Requirement: Using the entries below, copy exactly each line from the line with "Miniature photo editor" up to and including the line with "A monarch and", with every picture left out.

Data provided:
*** Block opens ***
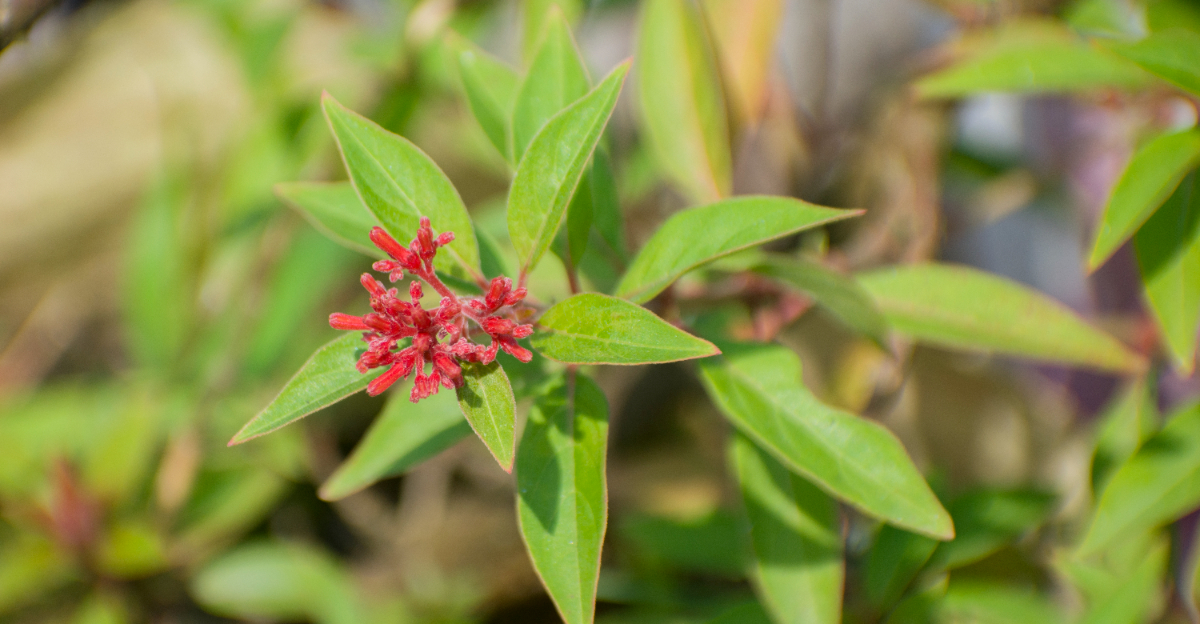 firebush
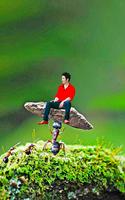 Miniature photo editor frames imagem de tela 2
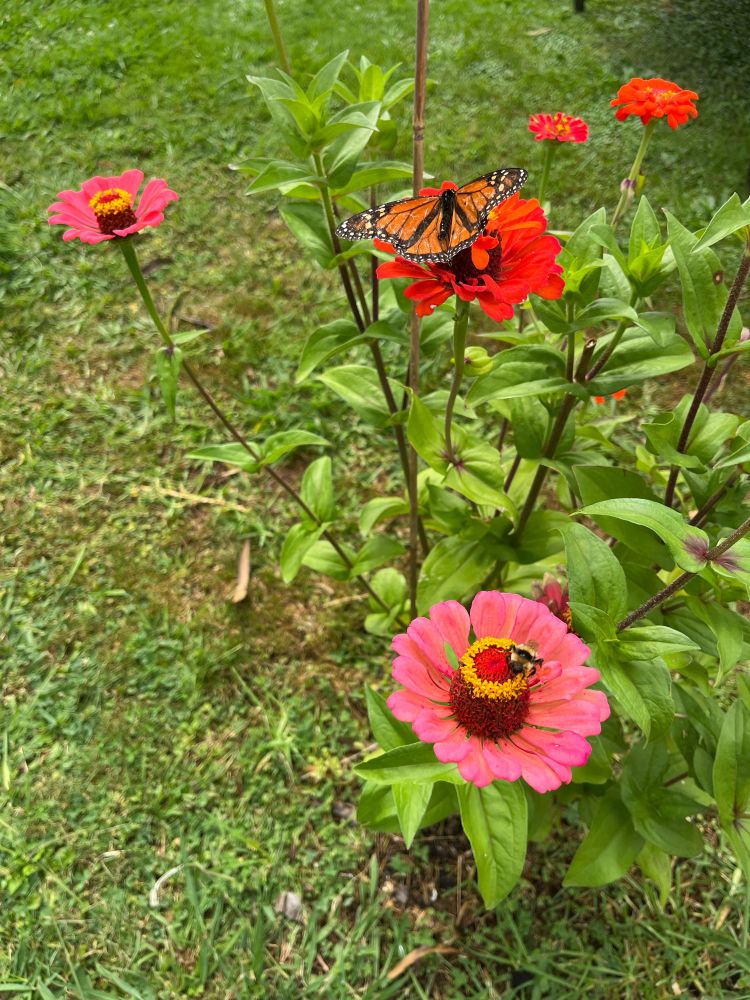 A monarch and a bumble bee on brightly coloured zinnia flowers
*** Block closes ***
*** Block opens ***
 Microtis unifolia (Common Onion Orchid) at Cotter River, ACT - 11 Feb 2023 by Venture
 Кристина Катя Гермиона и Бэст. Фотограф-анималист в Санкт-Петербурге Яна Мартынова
*** Block closes ***
Completed task:
 Miniature photo editor frames imagem de tela 2
 A monarch and a bumble bee on brightly coloured zinnia flowers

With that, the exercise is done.